変更するオブジェクトが table 変数の場合は、ユーザー定義関数内で DELETE を使用できます。

DELETE ステートメントは、トリガに違反したり、FOREIGN KEY 制約で別のテーブル内のデータによって参照されている行を削除しようとすると、失敗する可能性があります。DELETE で複数の行を削除するときに、削除される行のいずれかがトリガや制約に違反すると、ステートメントは取り消され、エラーが返されます。行は削除されません。

DELETE ステートメントで式の評価中に算術エラー (オーバーフロー、0 による除算、またはドメイン エラー) が発生すると、データベース エンジンでは SET ARITHABORT が ON に設定されている場合と同様にこれらのエラーが処理されます。残りのバッチは取り消され、エラー メッセージが返されます。

SET ROWCOUNT オプションの設定は、リモート テーブル、およびローカルとリモート パーティション ビューに対する DELETE ステートメントでは無視されます。

テーブルのすべての行を削除する場合は、WHERE 句を指定しないで DELETE ステートメントを使用するか、TRUNCATE TABLE を使用します。DELETE と比べると TRUNCATE TABLE の方が高速で、システムとトランザクション ログのリソース使用量も少なくて済みます。

ヒープからの行の削除

ヒープから行を削除するときには、データベース エンジンによって、操作に行またはページ ロックが使用されることがあります。その結果、削除操作で空になったページがヒープに割り当てられたままになります。空のページの割り当てが解除されないと、データベース内の他のオブジェクトで該当の領域を再利用できなくなります。

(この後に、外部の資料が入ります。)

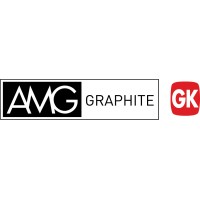 GK Ancuabe Graphite Mine, S.A. logo - Similar company to Amg Graphite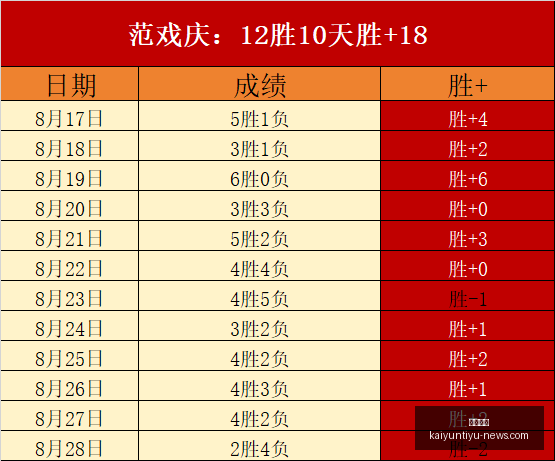 阿森纳暗黑,艺术解析,加布踢大马,开云体育,开云体育官网,开云体育app下载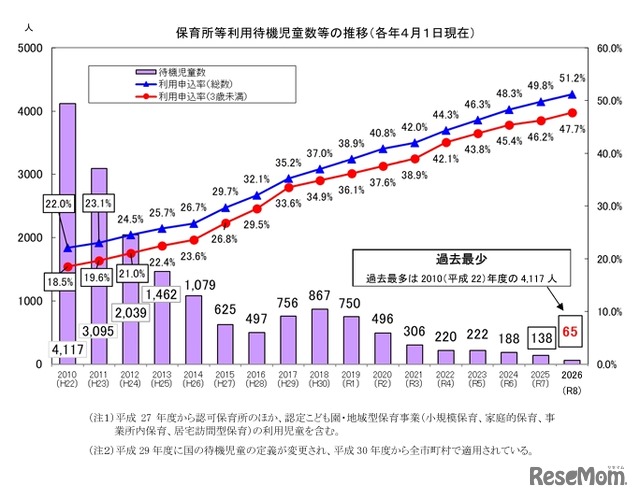 保育所等利用待機児童数の推移（各年4月1日現在）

ヒープ内の行を削除し、ページの割り当てを解除するには、次のいずれかの方法を使用します。

  • DELETE ステートメントで TABLOCK ヒントを指定します。TABLOCK ヒントを使用すると、削除操作では、行またはページ ロックではなく、テーブルの共有ロックが取得されます。これにより、ページの割り当てを解除できるようになります。TABLOCK ヒントの詳細については、「テーブル ヒント (Transact-SQL)」を参照してください。
  • テーブルからすべての行を削除する場合は、TRUNCATE TABLE を使用します。
  • 行を削除する前に、ヒープにクラスタ化インデックスを作成します。作成したクラスタ化インデックスは、行を削除した後、削除できます。この方法は前の 2 つの方法より時間がかかり、一時リソースがより多く使用されます。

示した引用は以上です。